*** Block opens ***

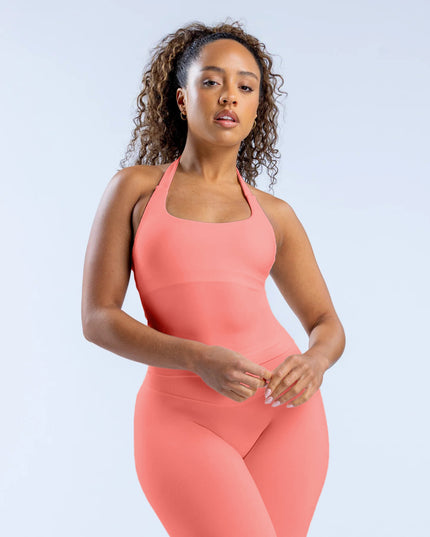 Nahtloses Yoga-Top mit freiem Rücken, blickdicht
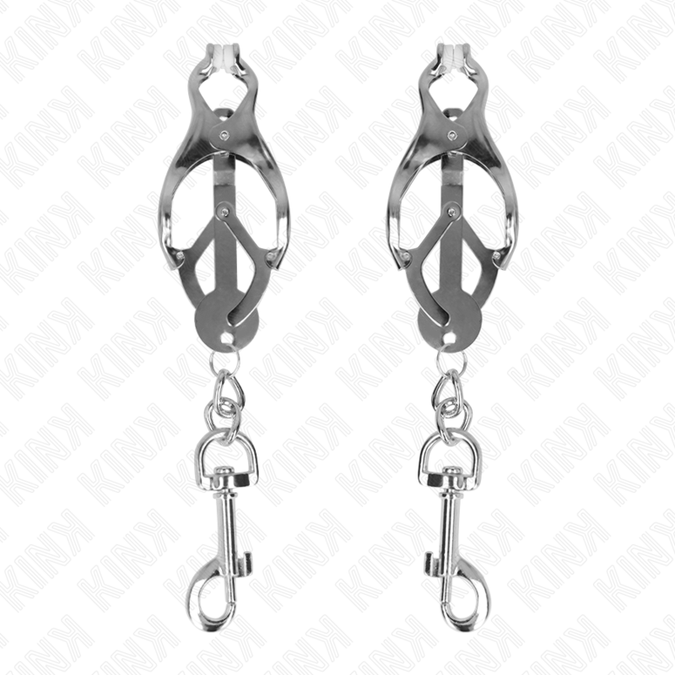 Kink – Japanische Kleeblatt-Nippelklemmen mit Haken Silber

*** Block closes ***
*** Block opens ***

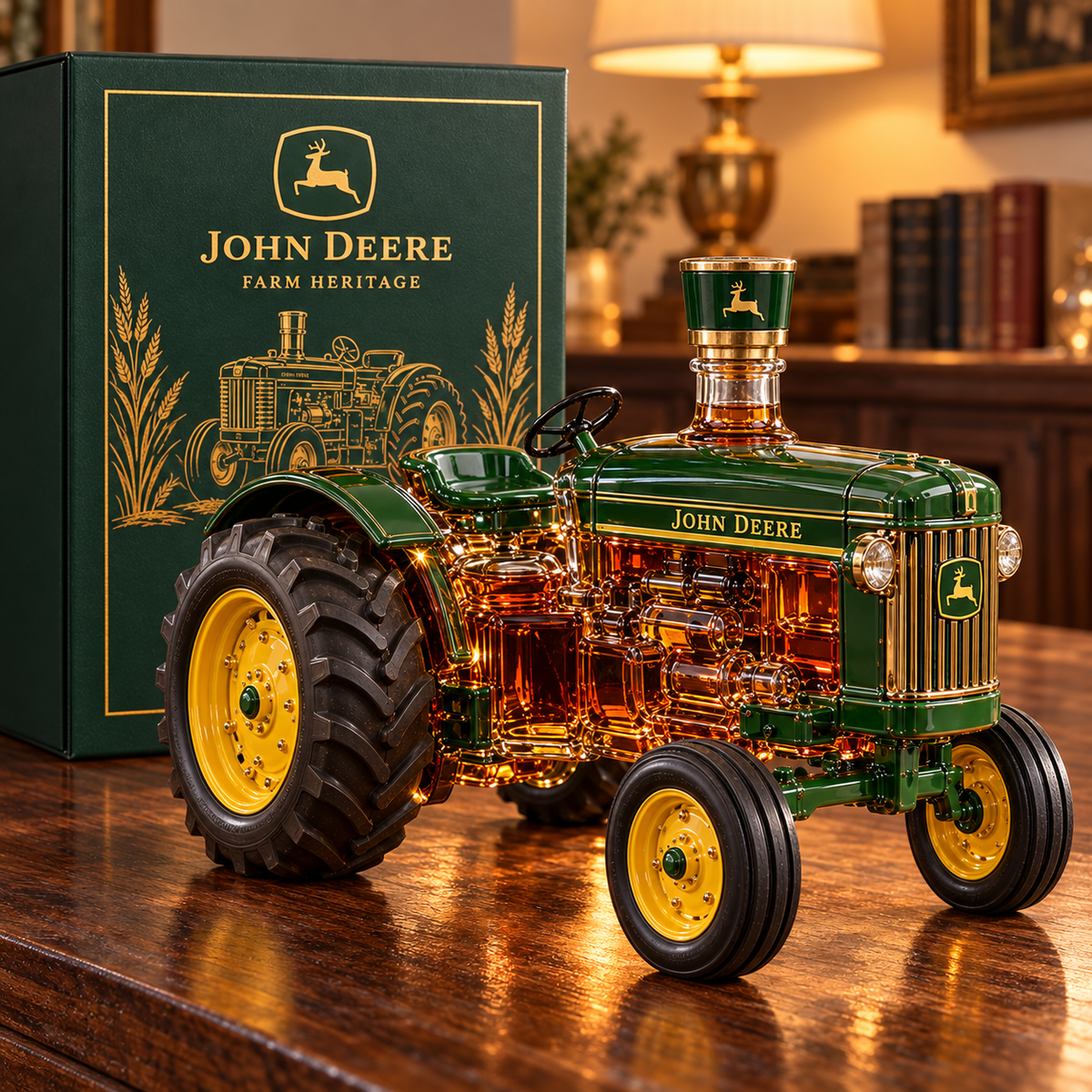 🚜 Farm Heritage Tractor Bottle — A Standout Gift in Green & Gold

*** Block closes ***
*** Block opens ***

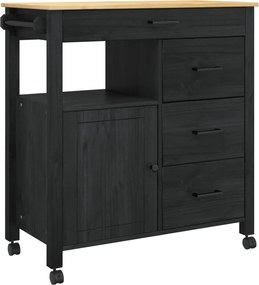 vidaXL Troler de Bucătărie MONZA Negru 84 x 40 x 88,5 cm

*** Block closes ***

From the line with "Nahtloses Yoga-Top mit" up to and including the line with "Kink – Japanische" above, retype every line exactly and nothing more; leave out the pictures.

 Nahtloses Yoga-Top mit freiem Rücken, blickdicht
 Kink – Japanische Kleeblatt-Nippelklemmen mit Haken Silber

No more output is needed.